I have these 2 equations: $$\begin{align} (68-4i,44+12i,-38-2i)\mathbf x=0 \\ (-66i-18,-52i-10,42i+12)\mathbf x= 0 \end{align}$$
I need to find the span of vector $\mathbf x \in \Bbb C^3$. I'm supposed to find a vector which is orthogonal to both of the vectors above.
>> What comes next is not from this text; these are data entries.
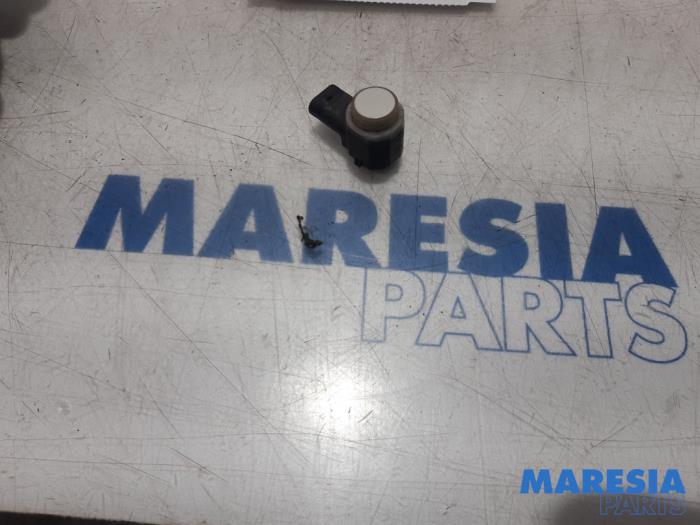 Gebruikte PDC Sensor Alfa Romeo MiTo (955) 1.4 Turbo Multi Air 16V Prijs € 19,50 Margeregeling aangeboden door Maresia Parts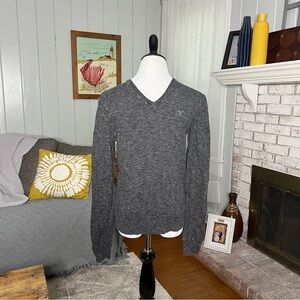 American Eagle athletic fit v neck pullover sweater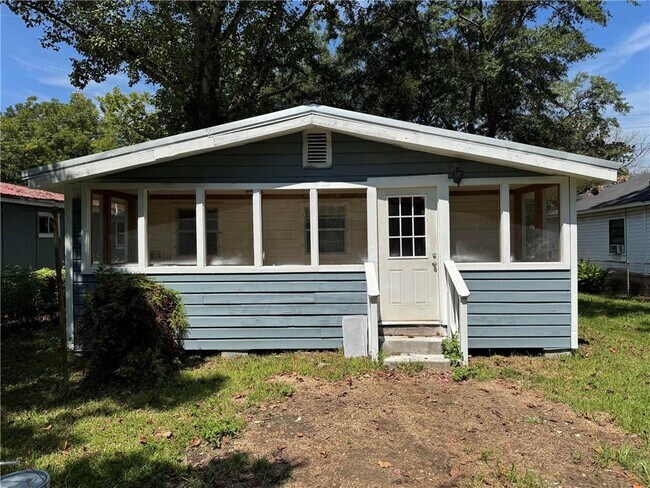 Building Photo - 606 Thornton Ave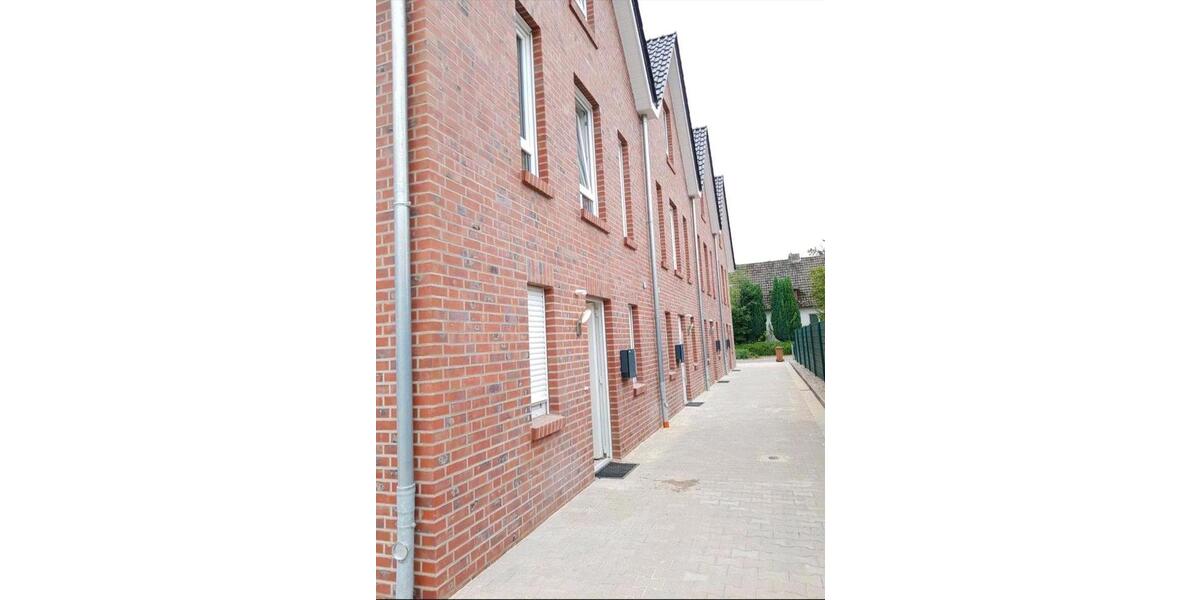 Reihenhaus Cloppenburg - 4 Zimmer, 108 m&sup2;, 1.150&euro; | Angebot:26406530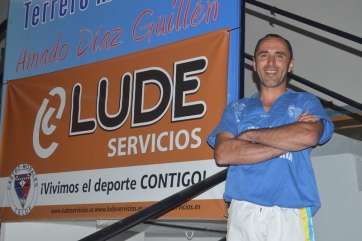 Juan Martel, mandador del Lude, junto al cartel de entrada al vestuario (Foto TA)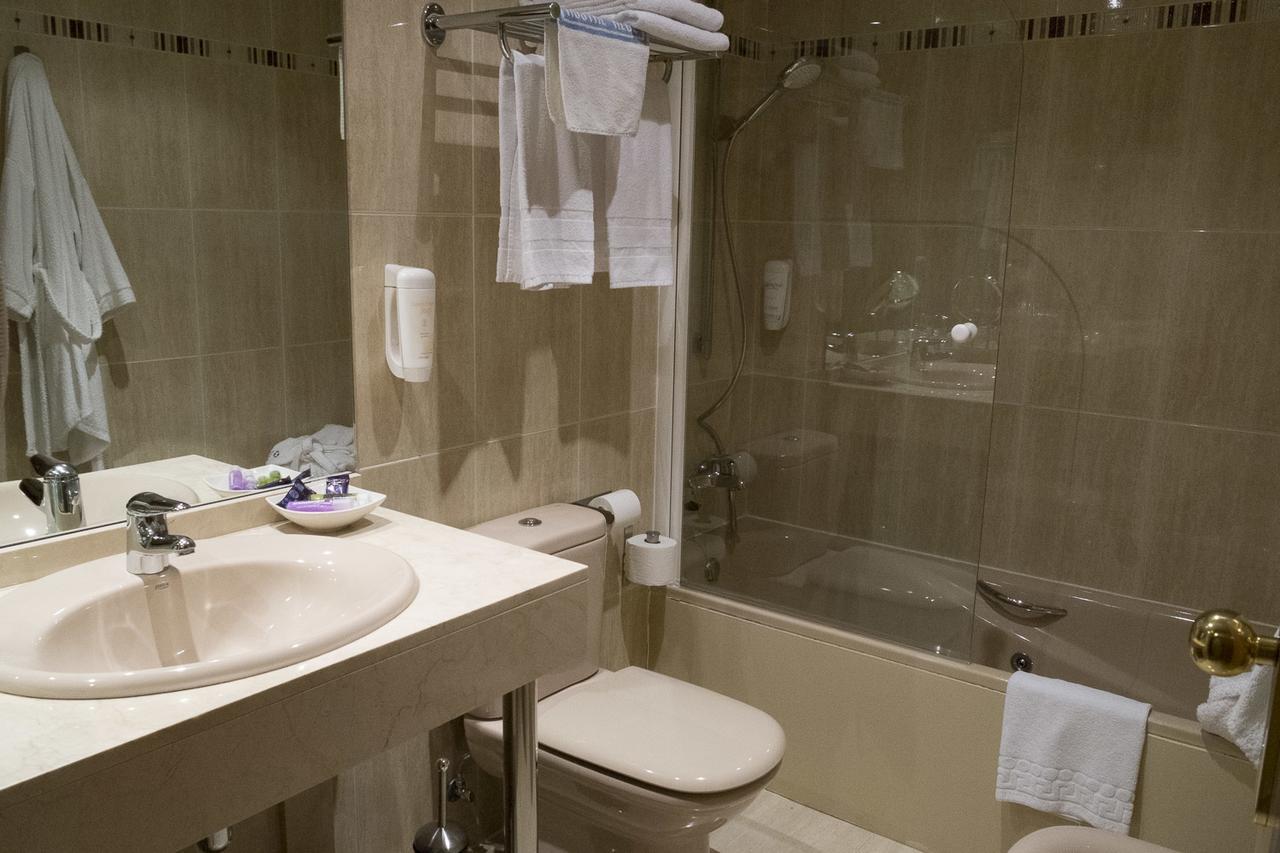 Hostal Azul El Molar Buitenkant foto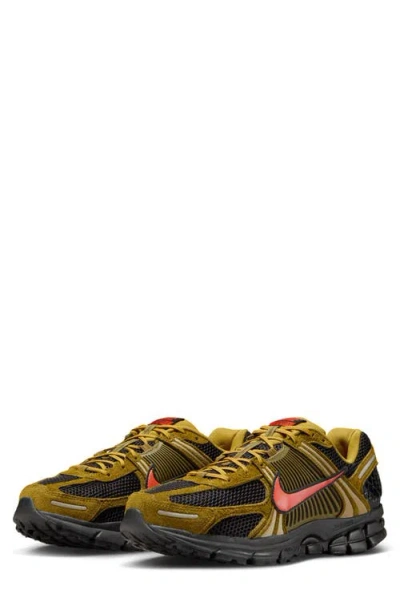 NIKE NIKE ZOOM VOMERO 5 PREMIUM SNEAKER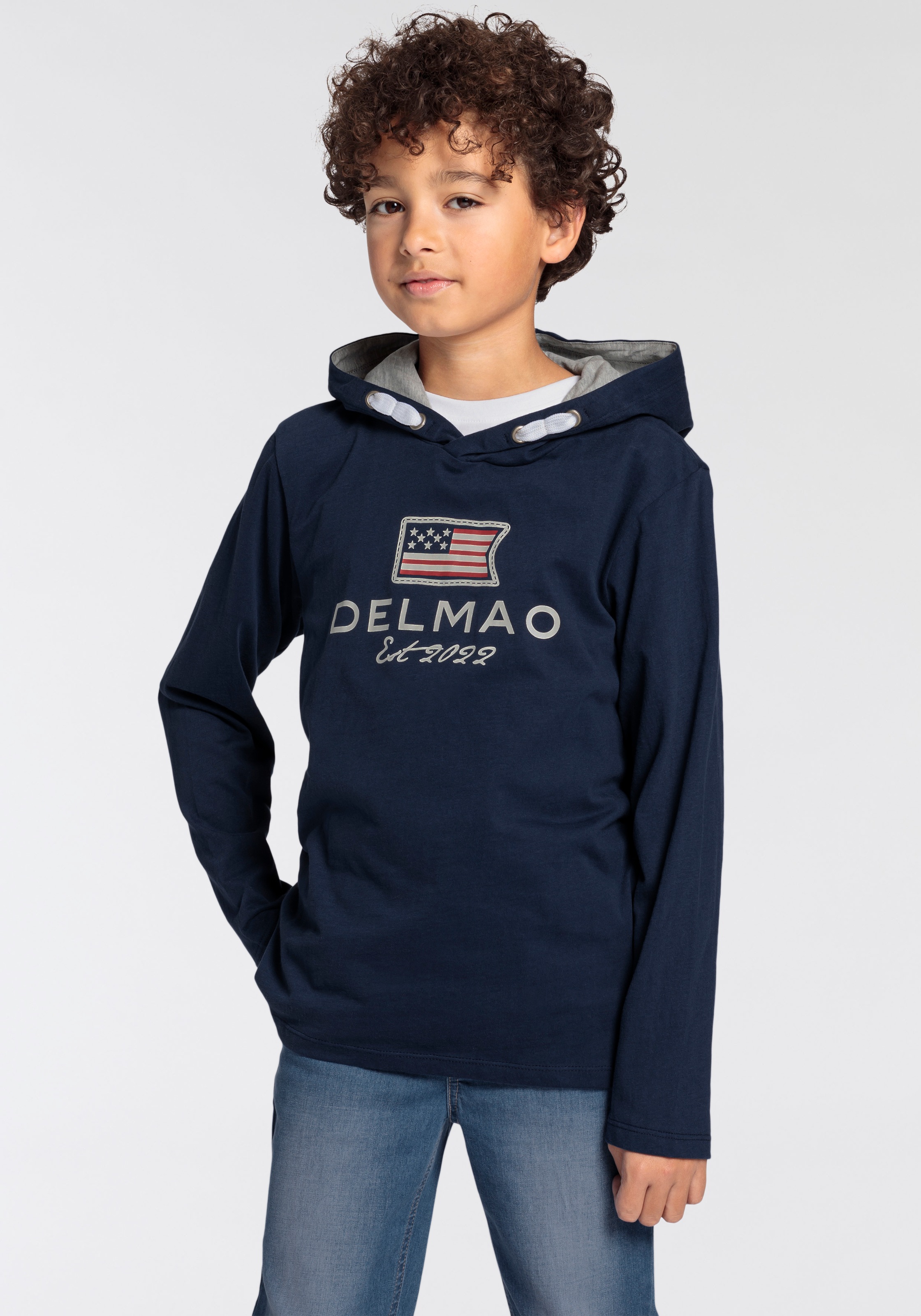 DELMAO Kapuzenshirt »für Jungen«, Langarm, Basic-Passform, bedruckt, aus 100% Baumwolle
To find a vector orthogonal to both the vectors, you can apply the vector cross product to the two vectors as follows
$$u\times v=\left| \begin{array}{ccc} \mathbf{a} & \mathbf{b} & \mathbf{c}\\ \color{red}{68−4i} & \color{blue}{44+12i} & \color{green}{−38−2i} \\ \color{red}{−66i−18} & \color{blue}{−52i−10} & \color{green}{42i+12}\end{array} \right|\\= \left|\begin{array}{cc} \color{blue}{44+12i} & \color{green}{−38−2i} \\ \color{blue}{−52i−10} & \color{green}{42i+12}\end{array}\right|\mathbf{a}- \left|\begin{array}{cc} \color{red}{68−4i} & \color{green}{−38−2i} \\ \color{red}{−66i−18} & \color{green}{42i+12}\end{array}\right|\mathbf{b} +\left|\begin{array}{cc} \color{red}{68−4i} & \color{blue}{44+12i} \\ \color{red}{−66i−18} & \color{blue}{−52i−10}\end{array}\right|\mathbf{c}\\=(-252-4i,-432-264i,-888-376i)$$
Thus the span of vector $\mathbf{x}$ is $\color{blue}{k(-252-4i,-432-264i,-888-376i)}$, where $k$ is a complex scalar constant.